While assassins Mr. Wint and Mr. Kidd systematically kill several diamond smugglers, M suspects that South African diamonds are being stockpiled to depress prices by dumping, and assigns Bond to uncover the smuggling ring. Disguised as professional smuggler and assassin Peter Franks, Bond travels to Amsterdam to meet contact Tiffany Case. The real Franks shows up on the way, but Bond intercepts and kills him, then switches IDs to make it seem like Franks is Bond. Tiffany and Bond then go to Los Angeles, smuggling the diamonds inside Franks' corpse.

At the airport, Bond meets his CIA ally Felix Leiter, then travels to Las Vegas. At a funeral home, Franks' body is cremated and the diamonds are passed on to another smuggler, Shady Tree. Bond is nearly killed by Wint and Kidd when they try to cremate him, but Tree stops the process when he discovers that the diamonds in Franks' body were fakes, planted by Bond and the CIA. Bond tells Leiter to ship the real diamonds. Bond then goes to the Whyte House, a casino-hotel owned by the reclusive billionaire Willard Whyte, where Tree works as a stand-up comedian. Bond discovers there that Tree has been killed by Wint and Kidd, who did not know that the diamonds were fake.

At the craps table Bond meets the opportunistic Plenty O'Toole, and after gambling, brings her to his room. Gangsters ambush them, throwing O'Toole out the window and into the pool. Bond spends the rest of the night with Tiffany, instructing her to retrieve the diamonds at the Circus Circus casino. Tiffany reneges on her deal and flees, passing off the diamonds to the next smuggler. However, seeing that O'Toole was killed after being mistaken for her, Tiffany changes her mind. She drives Bond to the airport, where the diamonds are given to Whyte's casino manager, Bert Saxby, who is followed to a remote facility. Bond enters the apparent destination of the diamonds — a research laboratory owned by Whyte, where a satellite is being built by Professor Doctor Metz, a laser refraction specialist. When Bond's cover is blown, he escapes by stealing a moon buggy and reunites with Tiffany.

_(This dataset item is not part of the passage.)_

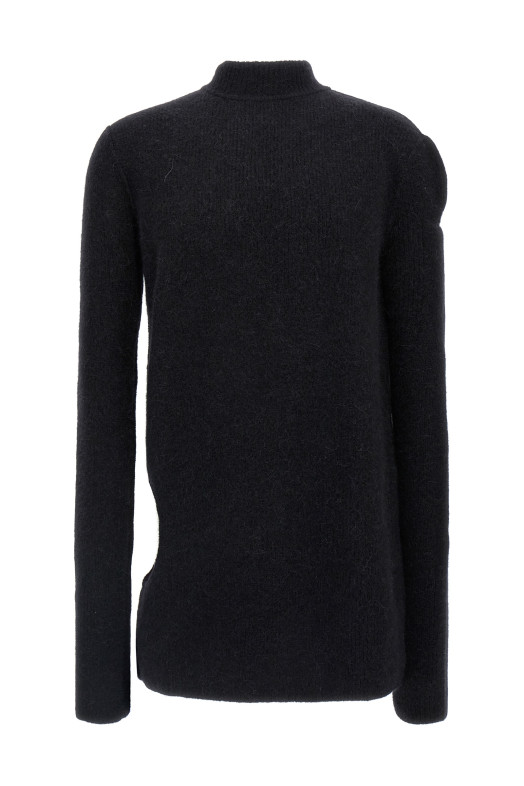 Светр «Subhuman» Чорний (RR02D6695KWP09) Светр «Subhuman» Чорний (RR02D6695KWP09)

Bond scales the walls to the Whyte House's top floor to confront Whyte. He is instead met by two identical Blofelds, who use an electronic device to sound like Whyte. Bond kills one of the Blofelds, which turns out to be a look-alike. He is then knocked out by gas, picked up by Wint and Kidd and taken out to Las Vegas Valley, where he is placed in a pipeline and left to die. Bond escapes, then calls Blofeld, using a similar electronic device to pose as Saxby. He finds out Whyte's location and rescues him, Saxby being killed in the gunfight. In the meantime, Blofeld abducts Case. With the help of Whyte, Bond raids the lab and uncovers Blofeld's plot to create a laser satellite using the diamonds, which by now has already been sent into orbit. With the satellite, Blofeld destroys nuclear weapons in China, the Soviet Union and the United States, then proposes an international auction for global nuclear supremacy.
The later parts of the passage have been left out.